Dem steht auch nicht die bereits erwähnte Bestimmung in Nr. 2 b) der Vertragsbestimmungen entgegen:

„Jedenfalls ergäbe auch schon eine Auslegung dieser Klausel, die der Senat selbst vornehmen kann, dass sie entsprechend ihrem Wortlaut nur der Annahme einer (konkludent) vereinbarten Beschaffenheit im Sinne von § 434 I 1 BGB entgegenwirken soll, nicht jedoch den Anforderungen an eine nicht vereinbarte Beschaffenheit im Sinne von § 434 I 2, 3 BGB entgegensteht. Das gilt umso mehr, als für eine Einschränkung der gesetzlichen Gewährleistungshaftung im Zweifel der Grundsatz einer engen Auslegung, sodass die Klausel jedenfalls in ihrer gemäß § 305c II BGB maßgeblichen kundenfreundlichsten Auslegung so zu verstehen ist, dass sie die Voraussetzungen der Mangelfreiheit im Sinne von § 434 I 2, 3 BGB unberührt lässt.“

Aufgrund dieses (unbehebbaren) Mangels steht dem K grds. ein Rücktrittsrecht gemäß §§ 437 Nr. 2, 326 V BGB zu, ohne dass es einer Fristsetzung bedarf.

Das Rücktrittsrecht könnte aber gemäß Nr. 7 a) der Vertragsbedingungen ausgeschlossen sein.

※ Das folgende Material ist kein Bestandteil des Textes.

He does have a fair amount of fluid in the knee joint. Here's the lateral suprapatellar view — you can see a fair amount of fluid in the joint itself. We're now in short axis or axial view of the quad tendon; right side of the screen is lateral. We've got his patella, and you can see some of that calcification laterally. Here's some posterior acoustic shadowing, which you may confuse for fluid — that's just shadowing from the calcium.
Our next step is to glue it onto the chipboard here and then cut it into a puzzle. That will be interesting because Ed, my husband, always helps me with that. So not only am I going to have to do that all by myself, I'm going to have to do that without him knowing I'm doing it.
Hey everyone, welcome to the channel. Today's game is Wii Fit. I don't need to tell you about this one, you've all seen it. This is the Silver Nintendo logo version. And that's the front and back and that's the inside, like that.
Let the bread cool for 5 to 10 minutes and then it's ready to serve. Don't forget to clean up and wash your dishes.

Fraglich ist, ob diese Bestimmung wirksam ist.

Der Wirksamkeit steht jedenfalls nicht § 475 I BGB entgegen. Die Skulptur wurde als gebrauchte Sache (zur Frage der Abgrenzung von neuen und „gebrauchten“ Tieren siehe BGH, Urt. v. 15.11.2006, Az. VIII ZR 3/06) im Rahmen einer öffentlichen Versteigerung i.S.v. § 383 III BGB versteigert, so dass die Vorschriften über den Verbrauchsgüterkauf gemäß § 474 I 2 BGB keine Anwendung finden (zur Auslegung des Begriffs der “öffentlichen Versteigerung” i.S.v. § 474 I 2 BGB siehe BGH, Urt. v. 9.11.2005, Az. VIII ZR 116/05).

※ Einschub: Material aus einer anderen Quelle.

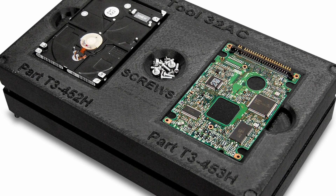Another specialized material available on the F370 is ABS ESD7. This material has static dissipative properties and is suitable for applications including prototyping, fixtures, support equipment for the electronics industry, or any other static-sensitive applications.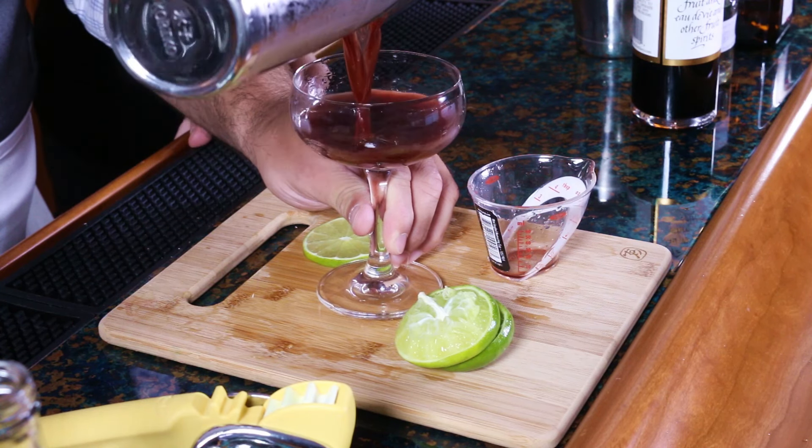This recipe I got off of Imbibe magazine — I spelled magazine wrong. I was already on Imbibe this month for one of the other recipes we did — it was another spring recipe, the Southside Fizz. I like this camera angle where Ian can see where he's pouring.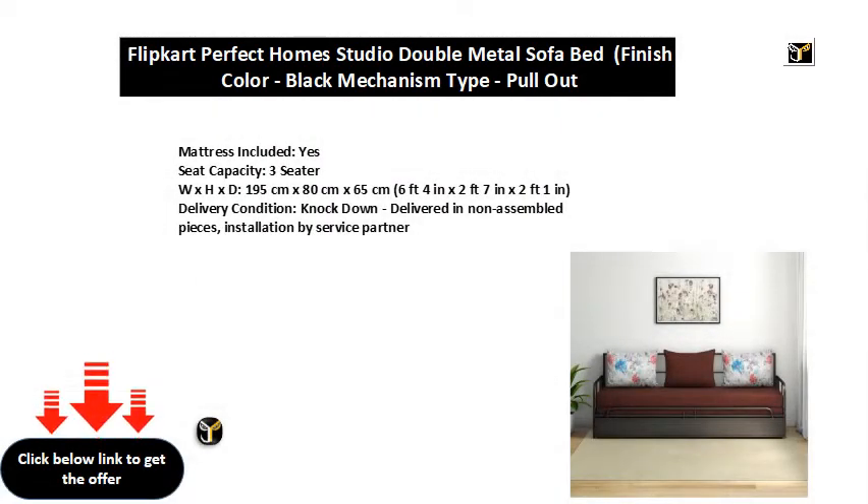Mattress included: Yes. Seat capacity: 3 seater.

Der Gewährleistungsausschluss könnte aber gemäß § 309 Nr. 7 a) BGB unwirksam sein. Dazu der BGH:

„Der in Ziffer 7 Buchst. a Satz 1 der Versteigerungsbedingungen geregelte Gewährleistungsausschluss bezieht bereits nach seinem Wortlaut, wonach der Käufer gegen das Auktionshaus keine Einwendungen oder Ansprüche wegen Sachmängeln erheben kann, jegliche Ansprüche des Käufers gegen den Versteigerer aus Mängeln der ersteigerten Gegenstände im Sinne des § 434 I BGB in seinen Geltungsbereich ein. Dadurch erstreckt sich der Gewährleistungsausschluss auch auf etwaige Schadensersatzansprüche des Ersteigerers gemäß § 437 Nr. 3 BGB wegen Körper- und Gesundheitsschäden infolge eines Mangels. Zwar nimmt Ziffer 7 Buchst. b der Versteigerungsbedingungen von diesem Anspruchsausschluss eine Haftung auf Schadensersatz für Vermögensschäden aus, bei denen dem Auktionshaus Vorsatz oder grobe Fahrlässigkeit zur Last fällt. Eine vergleichbare Einschränkung für Körper- und Gesundheitsschäden ist jedoch nicht vorgesehen. Entgegen der von der Revision in der mündlichen Verhandlung vor dem Senat geäußerten Auffassung ist auch nicht ersichtlich, dass solche mangelbedingten Schäden durch die zur Versteigerung kommenden Gegenstände schlechthin nicht entstehen könnten. Denn die Versteigerungsbedingungen lassen nicht erkennen, dass bei den vom Beklagten veranstalteten Auktionen nur solche Gegenstände zur Versteigerung kämen, bei denen eine mangelbedingte Gefährdung von Körper und Gesundheit der damit in Berührung kommenden Personen von vornherein generell ausgeschlossen wäre.

Diese fehlende Berücksichtigung der nach § 309 Nr. 7 Buchst. a BGB in allgemeinen Geschäftsbedingungen nicht abdingbaren Haftung des Verwenders für Körper- und Gesundheitsschäden steht der Wirksamkeit des in Ziffer 7 Buchst. a Satz 1 der Versteigerungsbedingungen geregelten Anspruchsausschlusses in seiner Gesamtheit entgegen. Die darin liegende unangemessene Benachteiligung des Ersteigerers kann insbesondere nicht durch Abtrennung eines unwirksamen Klauselteils behoben werden, so dass der in den Versteigerungsbedingungen vorgesehene Gewährleistungsausschluss insgesamt unwirksam ist.“

Damit steht dem K unter Berücksichtigung der Feststellungen des Berufungsgerichts ein Rücktrittsrecht zu. Da das Berufungsgericht die Feststellungen zur Echtheit der Skulptur aber verfahrensfehlerhaft getroffen hat, indem es sich insoweit auf einen Zeugenbeweis stützte, obwohl ein Sachverständigengutachten einzuholen gewesen wäre, hat der BGH den Fall zur weiteren Verhandlung und Entscheidung an das Berufungsgericht zurückverwiesen (§ 563 ZPO).

Ein schöner Kaufrechtsfall, der Gelegenheit bietet, sich mit dem Mangelbegriff und der Wirksamkeit von Gewährleistungsausschlüssen auseinanderzusetzen.